[Opening Supplied data section]
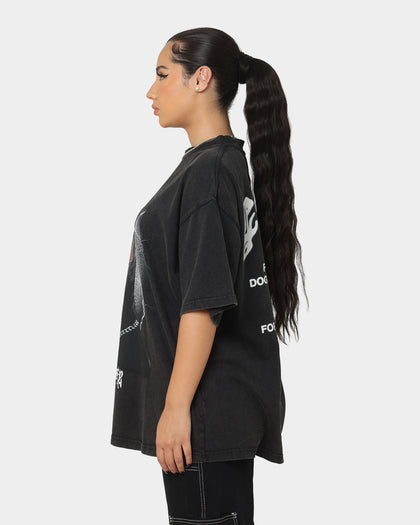 Loiter Dog Days T-Shirt Black Wash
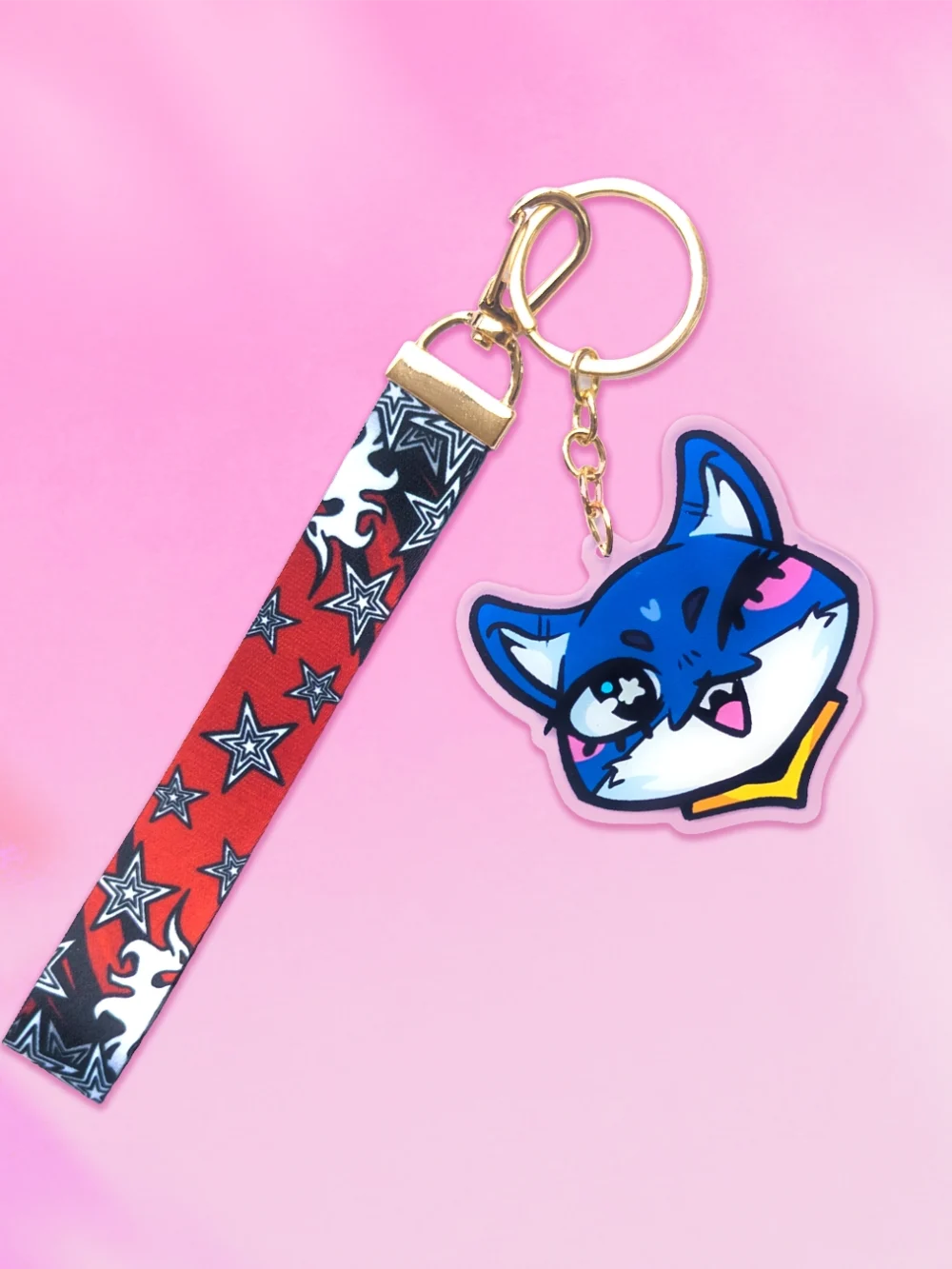 Brelok ze smyczą Morgana Persona 5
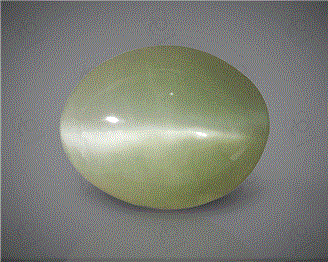 Natural Quartz  Cat's eye  7.98CTS-30332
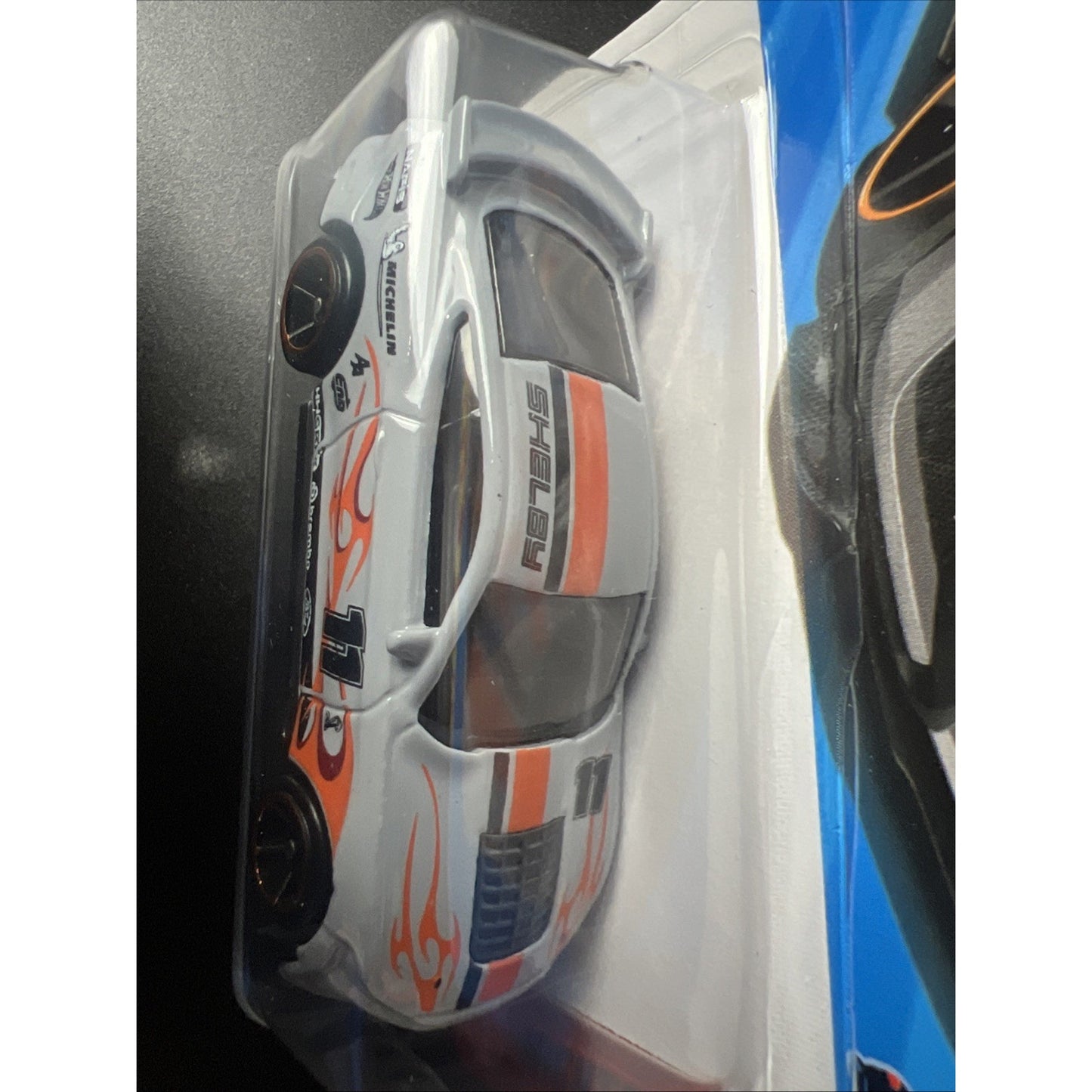 2026 Hot Wheels 2020 Ford Mustang Shelby GT500 New Flame Fire #10 Nightspeed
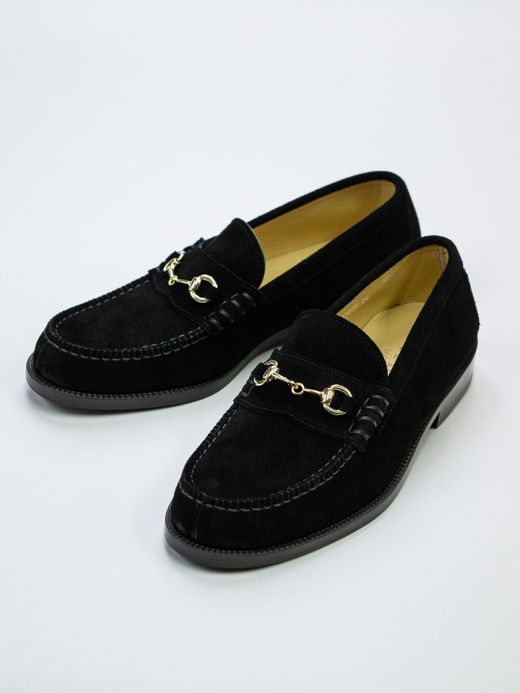VOO BIT LOAFERS BY HARUTA / Black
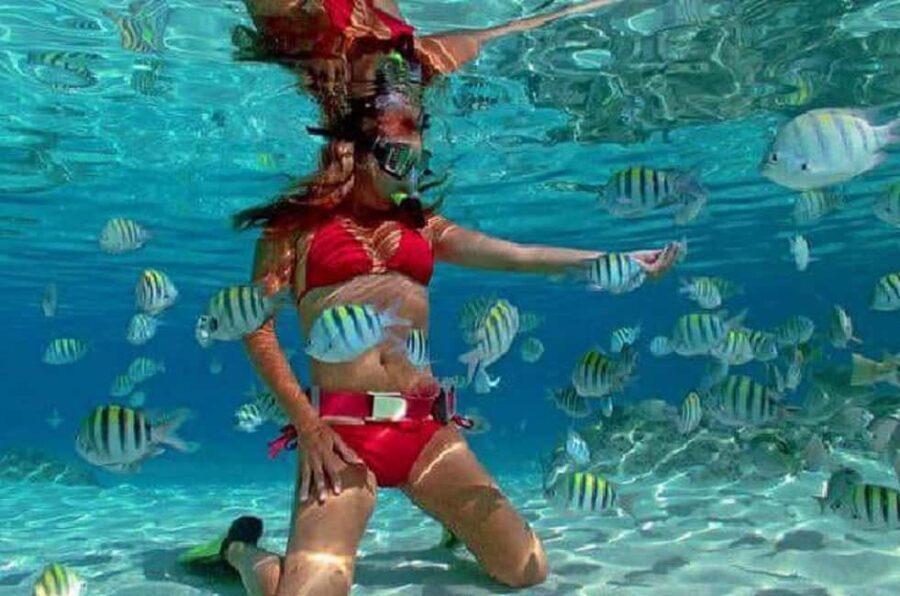 Puerto Plata: Cayo Arena Tour with Snorkeling and Mangroves - Crossing to Cayo Arena: bright sandbar, turquoise water, and real sun-time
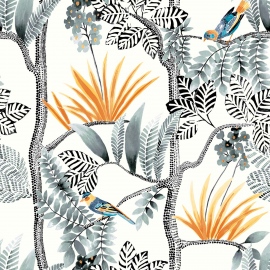 Wallquest, Partridge & Willow, Forest Whim BH80716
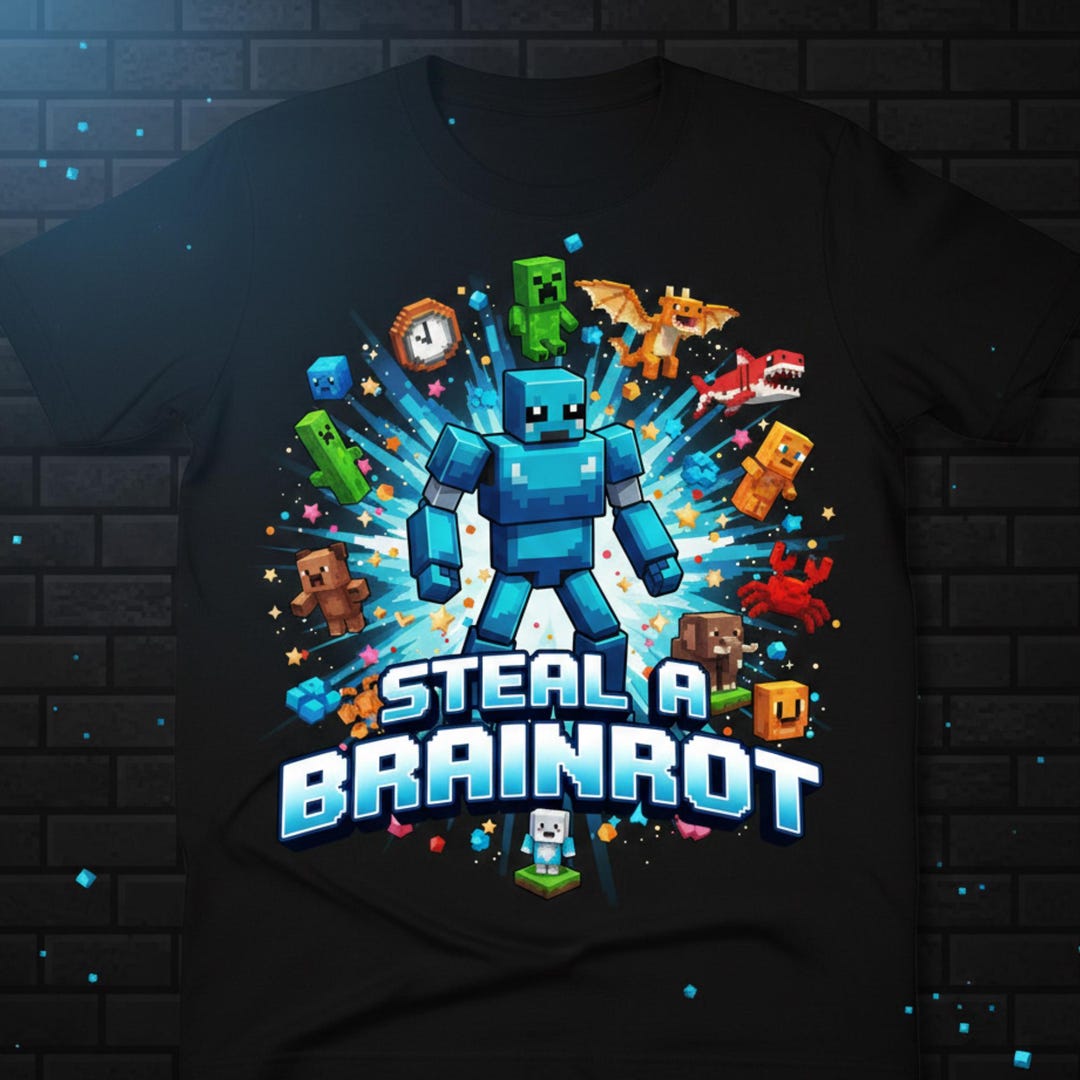 Steal a Brainrot PNG SVG – Italian Brainrot Meme Design, Roblox ...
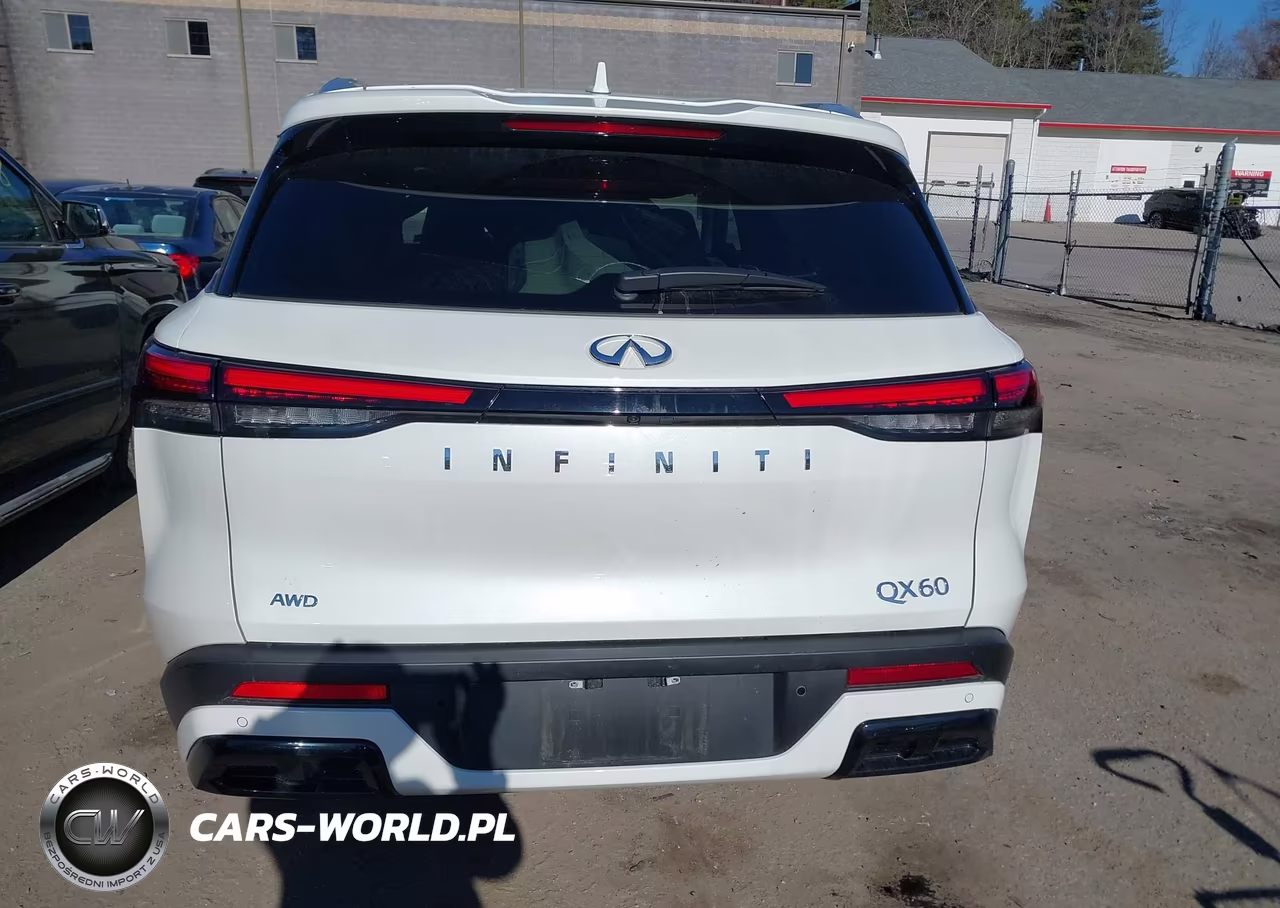 2025 Infiniti Qx60 Luxe Awd VIN:5N1AL1FS2SC360152 - 17
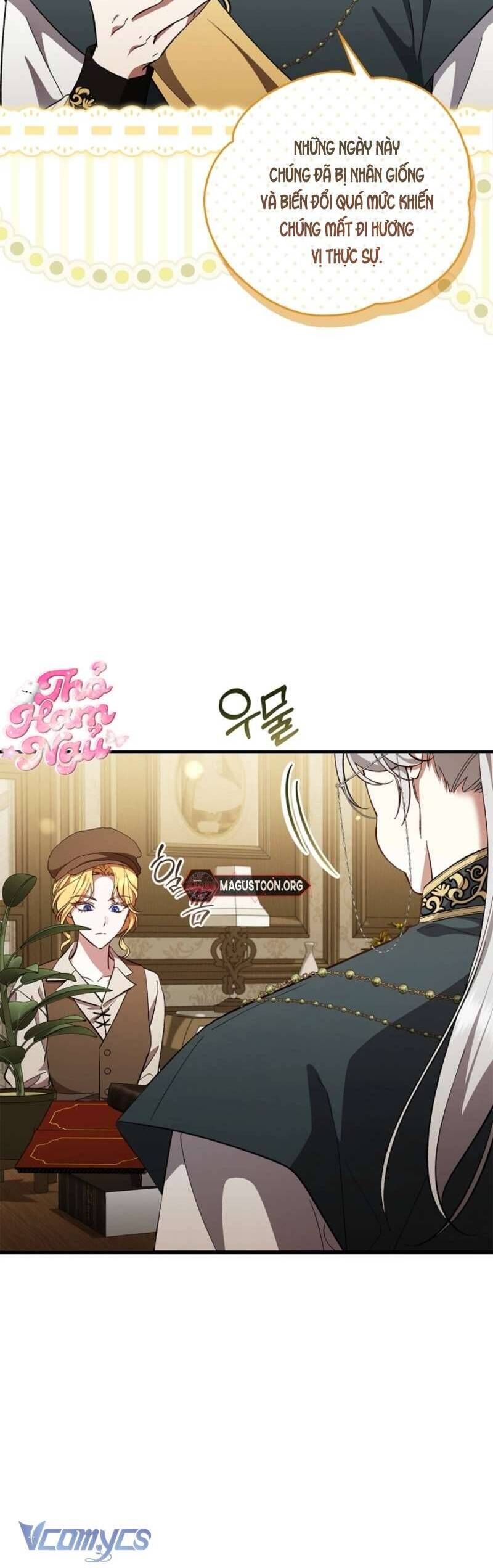 Nữ Bá Tước Bỏ Trốn Đã Quay Trở Lại - Chap 17 - Trang 45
[Closing Supplied data section]
What is being asked: Once you find the line containing "2025 Infiniti Qx60", transcribe it and each line after it to the end of the records exactly, and leave out the pictures.

Reply:
 2025 Infiniti Qx60 Luxe Awd VIN:5N1AL1FS2SC360152 - 17
 Nữ Bá Tước Bỏ Trốn Đã Quay Trở Lại - Chap 17 - Trang 45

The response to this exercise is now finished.